Sunday, 28 February 2021


How pedal power raised $60,000 for charity

“Riding the length of the country in 24 days is not a lot different than doing a hard day’s work on the farm. You are up early and well fed before heading out the door, knowing it could be up to 12 hours before it’s time to down tools, refuel, rest up and prepare for the same but different the following day.”

That’s how 63-year-old Grimmy (Graeme) Martin, farmer and part-time Whitianga resident, describes his approach to spending days in the saddle raising over $60,000 for charities close to his heart.
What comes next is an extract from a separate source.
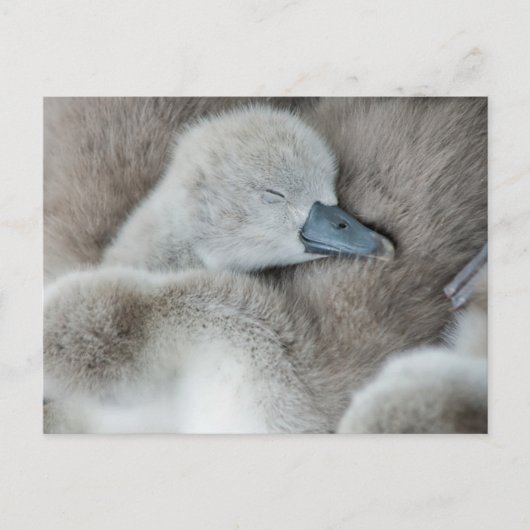 Kutest Baby Animals | Baby Mute Swan Briefkaart (Voorkant)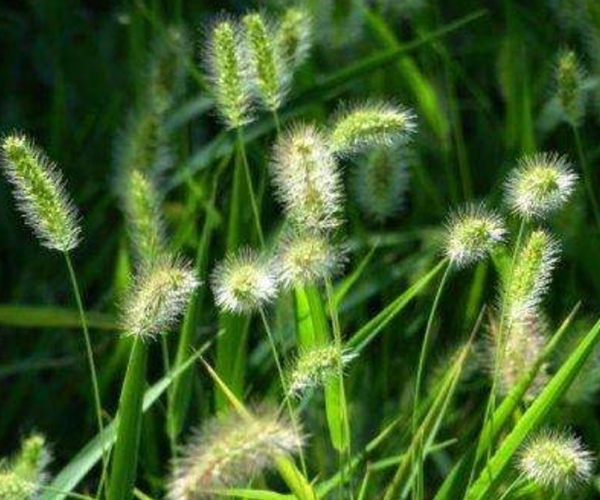 狗尾草|农村“狗尾巴草”煮水喝,没想到它还有这么多作用!千万别再浪费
The nickname Grimmy first came about when his school class had too many Graemes, and it has stuck ever since. What makes his cycling achievements more remarkable is he has only been riding a bike seriously for around five years.

“My wife Sharon and I have done a lot of tramping over the years, including the majority of the Great Walks of New Zealand, so the base fitness was there,” says Grimmy. “I just needed to hone my cycling skills and get my backside used to a bike saddle. I have always had the mindset that you can achieve some pretty hefty goals in life if you are willing to work hard and prepare well, whether it be in a work or non-work environment. Stepping outside my comfort zone has never been an issue for me from the day I left school at 15 and started my motor mechanic apprenticeship at the local garage. My big dream was always to become a farmer like my Dad, but he encouraged me to learn a new trade and try something different first which would come in useful if farming was still on the agenda further down the track. It was good advice.”

The idea to ride the Tour Aotearoa (TA) trail, an unassisted 3,000km bike packing adventure from Cape Reinga to Bluff, came about in late 2017 when one of Grimmy’s close mates spent time at the Hamilton Hospice. “It was a real eye opener for me to see the care and dedication from staff that went into running the facility as well as the ongoing costs,” says Grimmy. “I felt the need to do my bit and make a contribution of some kind. People in hospice care are brave soldiers without exception, so my effort had to reflect their battle and along the way raise some money and create an awareness of the great work being done.”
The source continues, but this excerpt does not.